Sie sind hier: Startseite Online-Magazin forschen & entdecken Hindernisse beim Heilen

Hindernisse beim Heilen

So genannte lebende Medikamente überzeugen bei der Behandlung von Patienten mit HIV oder Krebs – doch europäische Vorschriften machen es den Forschenden nicht einfach

Freiburg, 19.12.2019

Abgehängt in der Entwicklung neuartiger Medikamente? Die League of European Research Universities (LERU), ein europäisches Netzwerk forschungsstarker Universitäten, beklagt viele Schwierigkeiten bei der Erforschung und dem Einsatz von Advanced Therapy Medicinal Products. Mit diesen ATMPs, neuartigen Medikamenten, arbeitet Prof. Dr. Toni Cathomen an der Universitätsklinik Freiburg. Der Direktor des Instituts für Transfusionsmedizin und Gentherapie befürchtet, dass deutsche Universitäten und Universitätskliniken bei ATMPs abgehängt werden. Im Interview mit Jürgen Schickinger erklärt Cathomen, was es mit ATMPs und der LERU-Initiative auf sich hat.


Toni Cathomen sieht in Universitätskliniken den idealen Rahmen zur Entwicklung und Anwendung der neuartigen Medikamente. Foto: Monkey Business/stock.adobe.com

Herr Cathomen, was genau sind ATMPs?

Toni Cathomen: Es handelt sich um eine Gruppe von neuen Medikamenten für „neuartige“ oder „fortgeschrittene“ Therapien, wie der englische Name angibt. ATMPs sind „lebende Medikamente“, oft Zellen einer Patientin oder eines Patienten. Forschende modifizieren diese Zellen stark für die medizinische Anwendung. In der Klinik verwenden Ärztinnen und Ärzte die Mittel als Gentherapeutika, somatische Zelltherapeutika und biotechnologisch bearbeitete Gewebeprodukte.

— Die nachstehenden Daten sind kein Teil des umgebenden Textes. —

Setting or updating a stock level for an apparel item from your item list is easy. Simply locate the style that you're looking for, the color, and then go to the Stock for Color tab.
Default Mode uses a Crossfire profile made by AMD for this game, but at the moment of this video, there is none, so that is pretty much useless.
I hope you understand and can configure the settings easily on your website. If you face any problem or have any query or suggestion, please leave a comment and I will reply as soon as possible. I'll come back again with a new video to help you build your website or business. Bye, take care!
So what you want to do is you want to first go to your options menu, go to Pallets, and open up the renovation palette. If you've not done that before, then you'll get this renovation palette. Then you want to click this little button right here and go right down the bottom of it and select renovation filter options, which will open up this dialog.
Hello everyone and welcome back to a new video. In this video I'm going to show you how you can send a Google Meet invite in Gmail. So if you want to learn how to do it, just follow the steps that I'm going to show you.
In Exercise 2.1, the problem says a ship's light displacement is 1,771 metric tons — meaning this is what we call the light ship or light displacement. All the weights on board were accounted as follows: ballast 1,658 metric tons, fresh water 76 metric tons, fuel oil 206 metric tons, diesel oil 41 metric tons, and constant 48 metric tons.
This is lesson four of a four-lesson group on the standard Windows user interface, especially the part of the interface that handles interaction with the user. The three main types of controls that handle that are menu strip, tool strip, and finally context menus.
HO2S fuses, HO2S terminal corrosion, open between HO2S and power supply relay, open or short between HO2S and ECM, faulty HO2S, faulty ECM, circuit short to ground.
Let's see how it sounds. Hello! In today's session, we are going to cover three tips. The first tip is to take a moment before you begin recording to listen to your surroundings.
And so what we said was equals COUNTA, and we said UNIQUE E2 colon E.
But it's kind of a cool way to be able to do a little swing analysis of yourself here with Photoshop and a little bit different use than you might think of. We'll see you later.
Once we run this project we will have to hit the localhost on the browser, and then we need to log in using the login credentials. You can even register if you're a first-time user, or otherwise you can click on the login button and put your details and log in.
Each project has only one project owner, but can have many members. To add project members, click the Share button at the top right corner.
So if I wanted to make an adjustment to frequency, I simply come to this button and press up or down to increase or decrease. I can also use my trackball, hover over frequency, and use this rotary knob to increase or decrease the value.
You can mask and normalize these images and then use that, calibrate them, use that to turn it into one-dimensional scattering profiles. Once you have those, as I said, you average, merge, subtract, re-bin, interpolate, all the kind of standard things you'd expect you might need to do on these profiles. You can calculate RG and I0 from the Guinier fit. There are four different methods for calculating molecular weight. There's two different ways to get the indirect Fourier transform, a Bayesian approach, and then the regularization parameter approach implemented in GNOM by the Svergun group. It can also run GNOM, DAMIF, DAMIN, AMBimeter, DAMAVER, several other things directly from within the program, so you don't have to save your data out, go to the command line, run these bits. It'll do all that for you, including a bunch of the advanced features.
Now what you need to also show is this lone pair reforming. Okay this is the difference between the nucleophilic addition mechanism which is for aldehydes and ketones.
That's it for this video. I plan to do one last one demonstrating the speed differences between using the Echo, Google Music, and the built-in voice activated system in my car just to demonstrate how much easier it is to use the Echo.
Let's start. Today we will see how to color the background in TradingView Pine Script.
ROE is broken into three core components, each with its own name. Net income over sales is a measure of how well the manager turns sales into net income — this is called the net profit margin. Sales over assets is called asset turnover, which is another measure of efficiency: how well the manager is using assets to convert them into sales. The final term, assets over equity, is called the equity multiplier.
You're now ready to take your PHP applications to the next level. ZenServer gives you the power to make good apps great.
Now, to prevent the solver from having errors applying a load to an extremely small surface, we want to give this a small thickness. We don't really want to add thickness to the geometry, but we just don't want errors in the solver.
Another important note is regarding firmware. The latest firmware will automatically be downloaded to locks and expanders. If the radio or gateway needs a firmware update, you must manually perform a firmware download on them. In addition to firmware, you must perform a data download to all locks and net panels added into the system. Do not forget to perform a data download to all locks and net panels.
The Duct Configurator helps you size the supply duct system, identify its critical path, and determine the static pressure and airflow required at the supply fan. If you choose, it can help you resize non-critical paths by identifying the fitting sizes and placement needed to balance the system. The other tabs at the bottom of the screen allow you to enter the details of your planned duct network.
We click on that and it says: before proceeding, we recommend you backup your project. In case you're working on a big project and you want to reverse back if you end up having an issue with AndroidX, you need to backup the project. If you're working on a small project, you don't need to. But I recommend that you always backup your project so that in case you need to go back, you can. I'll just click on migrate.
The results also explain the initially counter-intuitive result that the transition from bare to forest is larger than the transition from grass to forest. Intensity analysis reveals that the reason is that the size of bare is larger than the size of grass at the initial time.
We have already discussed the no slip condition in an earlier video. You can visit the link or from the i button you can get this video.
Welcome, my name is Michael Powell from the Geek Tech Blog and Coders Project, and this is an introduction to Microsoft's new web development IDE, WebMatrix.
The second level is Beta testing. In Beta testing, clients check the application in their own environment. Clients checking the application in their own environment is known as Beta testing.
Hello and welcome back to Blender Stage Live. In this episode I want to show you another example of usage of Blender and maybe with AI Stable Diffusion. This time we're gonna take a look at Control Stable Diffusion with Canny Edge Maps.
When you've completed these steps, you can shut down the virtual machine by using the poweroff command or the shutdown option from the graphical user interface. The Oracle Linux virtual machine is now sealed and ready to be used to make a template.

Können Sie konkrete Beispiele nennen?

Zur Therapie bestimmter Blutkrebsarten liegen CAR T-Zellen im Trend. Das sind Immunzellen mit chimären Antigenrezeptoren, abgekürzt CAR. Sie sind aus Rezeptorteilen verschiedenen Ursprungs zusammengesetzt. Wissenschaftlerinnen und Wissenschaftler entnehmen Krebspatienten die T-Zellen und versetzen sie mit CARs, sodass diese Immunzellen mithilfe der CARs die Tumorzellen als „fremd“ erkennen. Daraufhin leitet das Immunsystem der Patienten eine Abwehrreaktion ein, um den Tumor zu bekämpfen. Ähnlich lassen sich von Blutstammzellen, aus denen die Immunzellen hervorgehen, Rezeptoren entfernen – beispielsweise der Rezeptor, über den das Humane Immundefizienz-Virus (HIV) Immunzellen infiziert. Ohne diesen Rezeptor ist das Immunsystem gegen HIV resistent. Ein drittes Beispiel sind Ersatzgewebe aus patienteneigenen Zellen, etwa neue Hornhäute für Menschen, die sich die Augen verätzt haben.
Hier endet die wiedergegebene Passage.